In just four days we'll be leaving Jacksonville.


I can't believe it.


As much as we complain about it, I know we're going to miss it. 


This is where we met, where we fell in love. It's also where we met some amazing friends and had the experience of a lifetime. So many memories here. It's hard to say goodbye.


When I moved here, I wasn't sure what life held in store for me. I never could have dreamed of what happened. I was hopeful that I'd come here, make friends, get some good doctors, and feel like my life was moving forward in one way or another. It felt like my life was on pause for so long and I was eager to do something, anything to see some positive changes occur. 


But honestly - I felt like I was being pulled here. There are so many things that could've prevented me from getting here. When I look back, even I realize it was kind of a crazy thing to do. Nobody back home was encouraging me to go. I could tell most of my family thought it was going to result in disaster. I was scared. I was moving to a city I'd never even been to. At the time I was so sick and weak and I remember wondering how I'd even make it through the airport, nonetheless how I was going to manage a move.


Ironically enough I'm laying here wondering the same thing about this next chapter in my life!


The big difference now is that I'm not leaving everything behind in Jacksonville-


My soul mate, my future husband, is coming along with me! 


Aahh, I am forever grateful for this city and for all of the people and circumstances that lead me here.  Words cannot describe.
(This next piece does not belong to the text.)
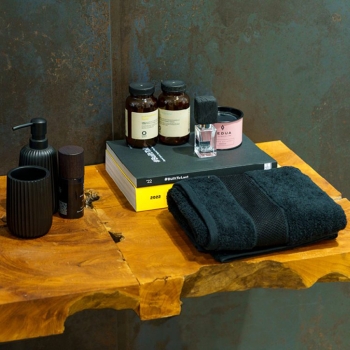 Cipì Natura top in solid teak recovered and treated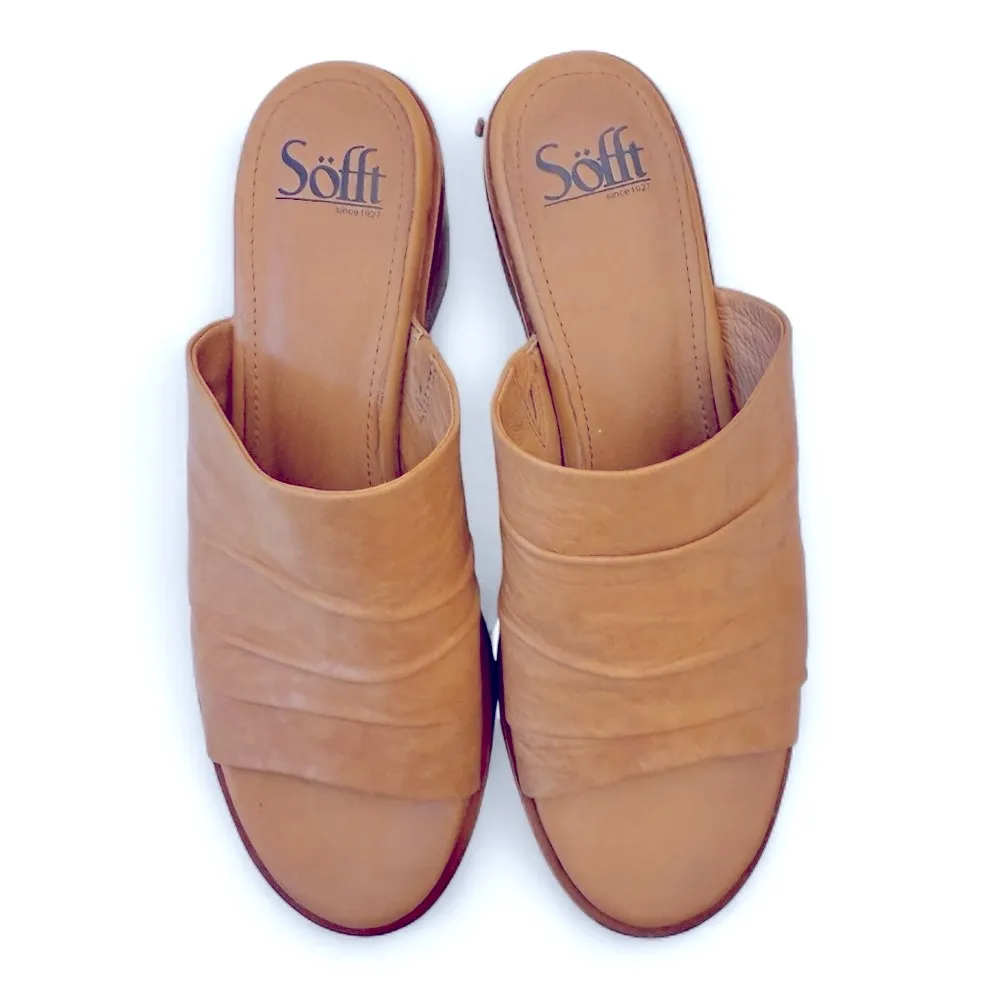 Sofft Chrissie Sandal Caramel Rounded Heel Ruched Italian Leather Slip On Sz 9.5 Tan - Image 8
In fact, I have never been able to find the appropriate words to describe our love story or my feelings for him. From the very beginning, I could not accurately describe the draw I felt towards him - the way I looked out the window, saw him, and instantly felt like I wanted to be closer to him.


The excitement and butterflies that I felt when he first said to me, "There's not a thing I don't like about you." That second in time when I knew he was going to tell me how he felt and I could not wait to let him know I felt it too. 


We were sitting on a curb in this very apartment complex; both of our hearts racing (feeling weaker by the minute because of POTS!). I remember the look on his face during that moment in time when we both knew it could be the beginning of something really special, the way we walked around hand in hand.  I was weak and dizzy, but could not have been happier.


It was like the moon and the stars were lit up just for us....


And now, we're off to the next chapter of our adventure! North Carolina, here we come!